Terminal Agents Suffice: What ServiceNow's Enterprise Automation Study Means for Codex CLI API-First Workflows
Terminal Agents Suffice: What ServiceNow’s Enterprise Automation Study Means for Codex CLI API-First Workflows
The prevailing assumption in agentic tooling is that enterprise automation demands ever more elaborate scaffolding — web agents with browser control, MCP servers exposing curated tool surfaces, or multi-agent orchestration layers. A March 2026 paper from ServiceNow Research challenges that assumption directly: a coding agent armed with nothing more than a terminal and a filesystem can match or outperform those complex architectures on real enterprise platforms, at a fraction of the cost 1.
For Codex CLI practitioners, this is not merely academic validation. It is an empirical argument for the terminal-first, API-direct workflow that Codex CLI was built around — and it comes with concrete data on when that approach works, when it does not, and how to configure Codex CLI to exploit the advantage.
The Study: Three Paradigms, Three Platforms, 729 Tasks
Bechard et al. evaluated three agent paradigms across ServiceNow, GitLab, and ERPNext — representing IT service management, software development lifecycle, and enterprise resource planning respectively 1. The three paradigms were:
- Web agents — operating through graphical interfaces via browser automation
- MCP/tool-augmented agents — using pre-built tool abstractions
- Terminal agents — equipped only with a shell, a filesystem, and API documentation
Each paradigm was tested with multiple foundation models (Claude Sonnet 4, Claude Opus 4, Gemini 2.5 Pro) across 729 total task instances 1.
graph LR
subgraph Paradigms
W[Web Agent<br/>Browser GUI]
M[MCP Agent<br/>Tool Abstractions]
T[Terminal Agent<br/>Shell + API]
end
subgraph Platforms
SN[ServiceNow<br/>330 tasks]
GL[GitLab<br/>192 tasks]
ER[ERPNext<br/>207 tasks]
end
W --> SN
W --> GL
W --> ER
M --> SN
M --> GL
M --> ER
T --> SN
T --> GL
T --> ER
The Numbers: Terminal Agents Win on Cost, Compete on Accuracy
The headline results are striking. Terminal agents achieved the highest or tied success rates in seven of twelve platform–model combinations 1:
| Platform | Terminal Agent | Web Agent | MCP Agent |
|---|---|---|---|
| ServiceNow | 73.6–79.1% | 72.4–77.6% | 11.5–16.1% |
| GitLab | 71.3–80.2% | 81.4–84.6% | 45.2–48.9% |
| ERPNext | 67.6–76.8% | 61.8–81.6% | 55.6–68.9% |
MCP agents lagged significantly on ServiceNow because the available MCP servers lacked tools for service catalogue ordering, page navigation, and dashboard chart reading — task categories accounting for over half the benchmark 1. This is a structural limitation: MCP tool surfaces are only as comprehensive as someone has bothered to build them.

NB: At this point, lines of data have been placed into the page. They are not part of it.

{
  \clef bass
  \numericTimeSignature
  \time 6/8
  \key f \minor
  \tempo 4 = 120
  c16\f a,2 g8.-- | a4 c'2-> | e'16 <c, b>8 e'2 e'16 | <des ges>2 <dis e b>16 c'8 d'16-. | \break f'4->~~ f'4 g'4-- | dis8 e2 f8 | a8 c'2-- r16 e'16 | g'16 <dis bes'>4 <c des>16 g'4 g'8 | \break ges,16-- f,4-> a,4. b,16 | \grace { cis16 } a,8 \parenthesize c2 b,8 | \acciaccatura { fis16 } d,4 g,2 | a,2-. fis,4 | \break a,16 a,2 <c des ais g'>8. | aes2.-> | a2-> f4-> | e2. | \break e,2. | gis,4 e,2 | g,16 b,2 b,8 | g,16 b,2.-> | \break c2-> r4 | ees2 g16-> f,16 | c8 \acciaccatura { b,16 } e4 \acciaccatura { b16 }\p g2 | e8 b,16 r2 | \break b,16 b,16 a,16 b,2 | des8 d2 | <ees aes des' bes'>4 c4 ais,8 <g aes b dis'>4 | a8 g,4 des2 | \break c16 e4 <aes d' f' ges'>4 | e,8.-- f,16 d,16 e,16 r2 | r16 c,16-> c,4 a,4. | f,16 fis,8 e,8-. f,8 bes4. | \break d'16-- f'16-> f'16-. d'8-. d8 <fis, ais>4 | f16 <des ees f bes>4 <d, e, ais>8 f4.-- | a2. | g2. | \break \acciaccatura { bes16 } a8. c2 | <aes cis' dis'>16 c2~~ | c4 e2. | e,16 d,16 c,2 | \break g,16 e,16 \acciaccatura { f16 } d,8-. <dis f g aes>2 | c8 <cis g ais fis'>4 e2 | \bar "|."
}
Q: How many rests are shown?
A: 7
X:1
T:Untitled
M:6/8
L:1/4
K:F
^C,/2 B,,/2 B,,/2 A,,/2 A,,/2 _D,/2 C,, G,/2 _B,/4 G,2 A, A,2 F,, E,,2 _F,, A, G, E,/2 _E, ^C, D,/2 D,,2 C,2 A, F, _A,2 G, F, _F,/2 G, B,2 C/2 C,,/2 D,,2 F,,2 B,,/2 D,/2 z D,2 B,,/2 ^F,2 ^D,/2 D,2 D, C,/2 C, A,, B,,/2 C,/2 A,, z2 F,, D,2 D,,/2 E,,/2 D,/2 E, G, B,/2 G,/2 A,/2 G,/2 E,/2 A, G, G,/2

The cost differential is where the terminal approach truly dominates:
| Platform | Terminal Cost/Task | Web Cost/Task | Ratio |
|---|---|---|---|
| ServiceNow | $0.78–$1.94 | $4.21–$4.49 | 4–6× cheaper |
| GitLab | $0.28–$0.50 | $0.85–$0.88 | 2–3× cheaper |
| ERPNext | $0.46–$0.72 | $3.63–$6.49 | 5–9× cheaper |
The Gemini 2.5 Pro terminal configuration reached 77.5% overall accuracy at $0.09 per task 1 — an order of magnitude below web-agent costs for comparable accuracy.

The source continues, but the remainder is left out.